On that very same day, in a small town in the Sudetenland, the German-speaking, heavily fortified border region of Czechoslovakia that has just been handed to Hitler without a single Czech representative present at the table, a family of known Czech patriots huddles around their crackling radio. The father, a schoolteacher who had publicly defied the local Nazi party, listens in stunned silence to the translated BBC report. As Chamberlain’s hopeful words about "peace for our time" echo through their small living room, his wife begins to weep, not with relief, but with the quiet, bitter tears of utter betrayal. He reaches over and turns off the radio, plunging the room into a heavy silence. "He is celebrating peace," the teacher says to his two frightened children, his voice a dead, hollow thing, devoid of all emotion. "He is celebrating our funeral." They know what is coming. The knock on the door in the middle of the night, the Gestapo lists, the cattle cars, the camps. They know, with the terrible clarity of the abandoned, that the great democracies of the West, the guarantors of their country's existence, have just sacrificed them in the vain hope of placating a crocodile, hoping it will eat them last.
Élysée Palace, Paris - May 2022. The scene shifts to a series of conversations in the wake of Russia's full-scale invasion of Ukraine. In a gilded hall, the French President, Emmanuel Macron, is speaking to journalists. While forcefully condemning the Russian invasion, he strikes a now-familiar note of cautious "realism." "We must not humiliate Russia," he insists, his words echoing across the world's capitals. He argues that a face-saving diplomatic "off-ramp" must be provided to Vladimir Putin to allow him to de-escalate without losing face, a path back to a negotiated settlement. In Berlin, the German Chancellor, Olaf Scholz, is under immense pressure to explain his country's years of failed Russia policy. He defends the 2015 Minsk II Agreement—a deal that, like the Munich Agreement, was brokered by France and Germany and which bought a temporary, illusory peace at the price of Ukraine's sovereignty in the Donbas. In Rome and in Washington, the same tired whispers are heard in the off-the-record conversations in the halls of power: "What is Putin's off-ramp? What can we give him to make this stop? Can we offer him Crimea for good? The Donbas? Neutrality?" The desperate, well-intentioned hope of Neville Chamberlain is reborn, reincarnated in the modern, fearful lexicon of de-escalation and conflict management. And the inexorable logic leads to the same fatal conclusion: the path to "peace" lies not in defeating the aggressor, but in pressuring the victim to sacrifice a piece of itself to satisfy the crocodile's appetite, at least for a little while.

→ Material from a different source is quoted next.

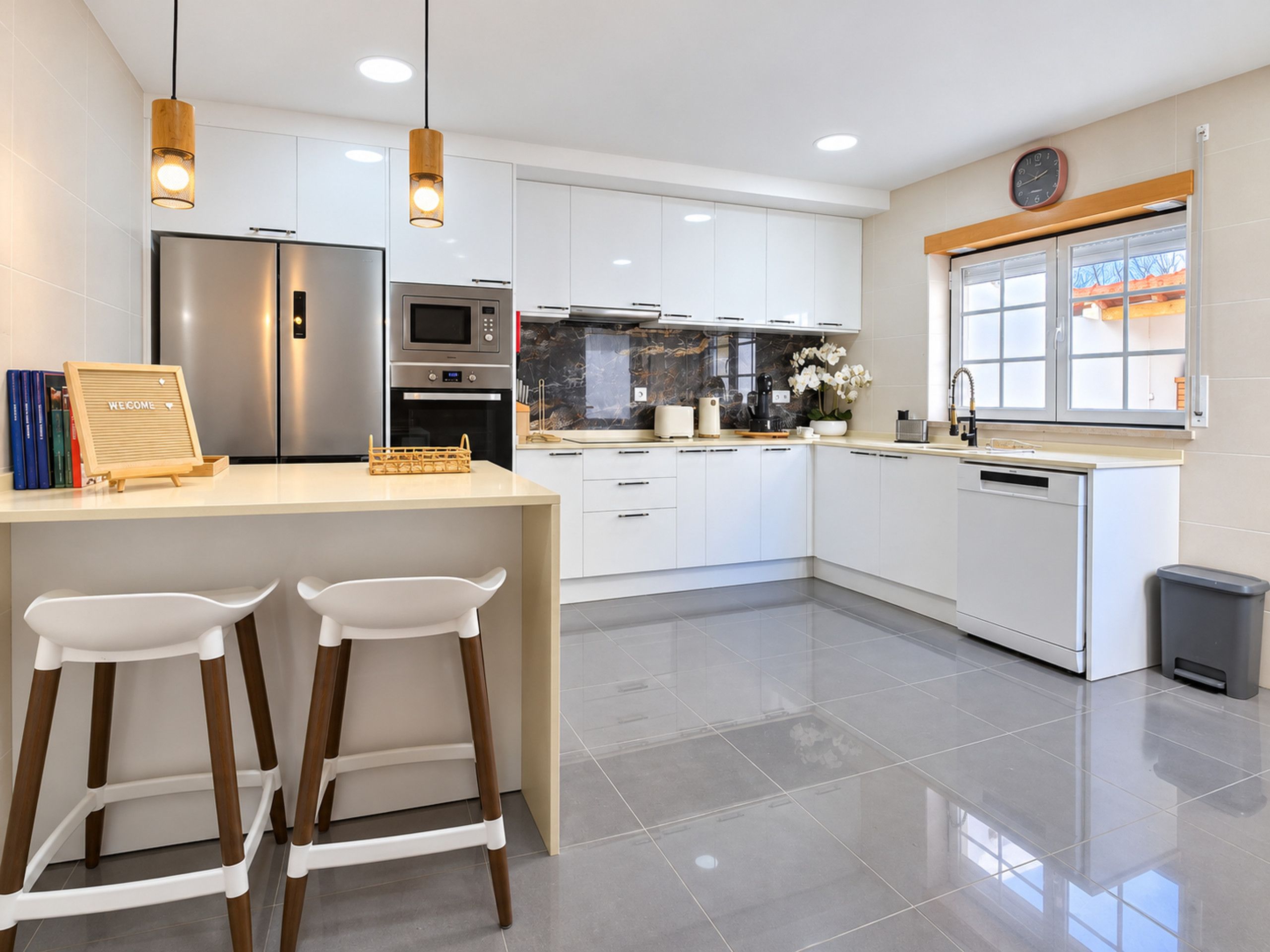 A modern kitchen with white cabinets, stainless steel appliances, and a wooden bar area with two white stools.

This chapter analyzes the recurring and disastrous diplomatic strategy of appeasement, arguing that the modern Western search for a face-saving "off-ramp" for Vladimir Putin is a direct intellectual and psychological descendant of the failed logic of the 1938 Munich Agreement. It is a strategy rooted in a profound misreading of the adversary's intent and a desperate hope that transactional concessions can satisfy an absolutist, ideological ambition.

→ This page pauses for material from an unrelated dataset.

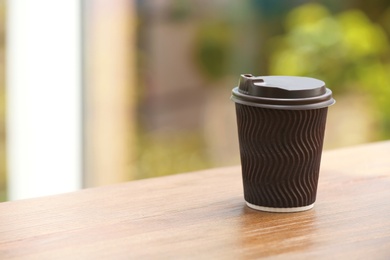 Photo of Cardboard cup of coffee on table against blurred background. Space for text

Sacrificing the Sovereignty of the Victim is the foundational, immoral transaction at the heart of both diplomatic endeavors. At the Munich Conference, the leaders of Britain and France, Neville Chamberlain and Édouard Daladier, unilaterally agreed to the dismemberment of a sovereign, democratic nation, Czechoslovakia, ceding its heavily fortified Sudetenland region to Nazi Germany. They did this without the consent, or even the presence, of the Czechoslovakian government, a brutal act of great-power betrayal. In the modern era, a similar, if slower and more convoluted, logic has prevailed. The 2015 Minsk II agreement, brokered by France and Germany in the wake of Russia's first invasion, was a flawed and ultimately unimplemented deal that most in Ukraine saw as an attempt to force them to cede de facto political and military control of the Donbas to Russia. Similarly, the frequent, well-intentioned calls by some Western politicians and academics for Ukraine to find a "realistic" negotiated settlement are almost always a thinly veiled suggestion that Ukraine should formally trade parts of its sovereign territory—Crimea, the Donbas—in exchange for a ceasefire. In both the 1930s and the 2020s, the great powers, in their overwhelming desire to avoid direct conflict with a seemingly irrational and risk-acceptant aggressor, have sought to achieve "peace" at the direct expense of the victim's territorial integrity and national sovereignty.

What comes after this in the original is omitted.